I was able to stop the crashlooping by putting the broker in maintenance mode. It was then able to join the cluster and remain as a "healthy" member. We have not tried to disable maintenance mode on that broker.

What should have happened instead?

After the failure to write and the pod being restarted Redpanda should have been able to recover and the broker should have rejoined the cluster correctly.

How to reproduce the issue?

Unknown.

Additional information

All metrics up to the point of the initial crash for that broker were in line with other brokers in the cluster. Slack thread with some discussion.

JIRA Link: CORE-1095

chris-kimberley commented 1 year ago

I'm really interested to know why the broker was unable to recover and what impact we might have from disabling maintenance mode on the broker.

jcsp commented 1 year ago

SolidIO

Can you say more about what this is? I googled "SolidIO", "SolidIO storage" etc and couldn't find any references at all.

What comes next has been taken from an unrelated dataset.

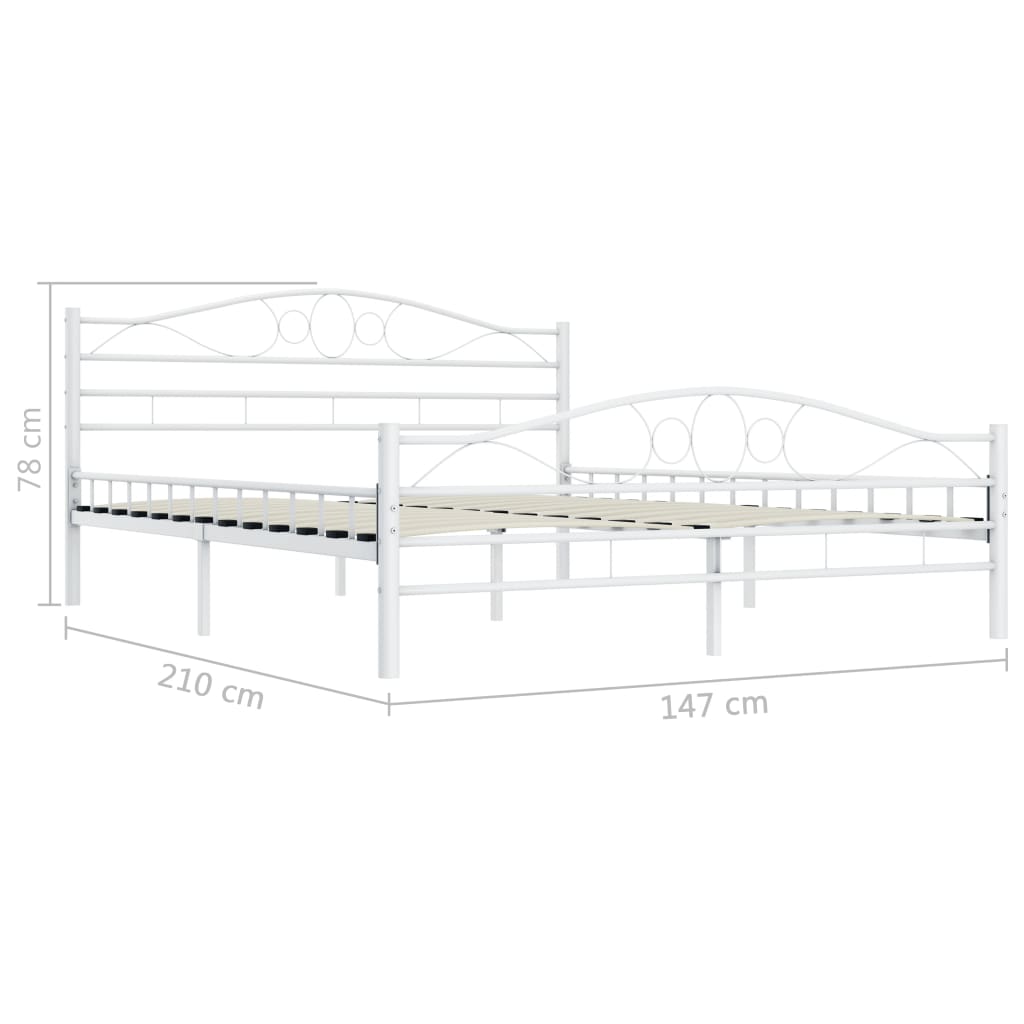 285303 vidaXL Bed Frame White Metal 140x200 cm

chris-kimberley commented 1 year ago

As it turns out that's the name of the internally developed persistent disk management we use within Kubernetes (thought it was external). It just handles PV lifetimes and such. You can ignore it.

chris-kimberley commented 1 year ago

We made an attempt to bring the broker out of maintenance mode. We can see from metrics that leadership of partitions was transferred to it. But it started hitting the same assert again and we had to put it back into maintenance mode to prevent further impact.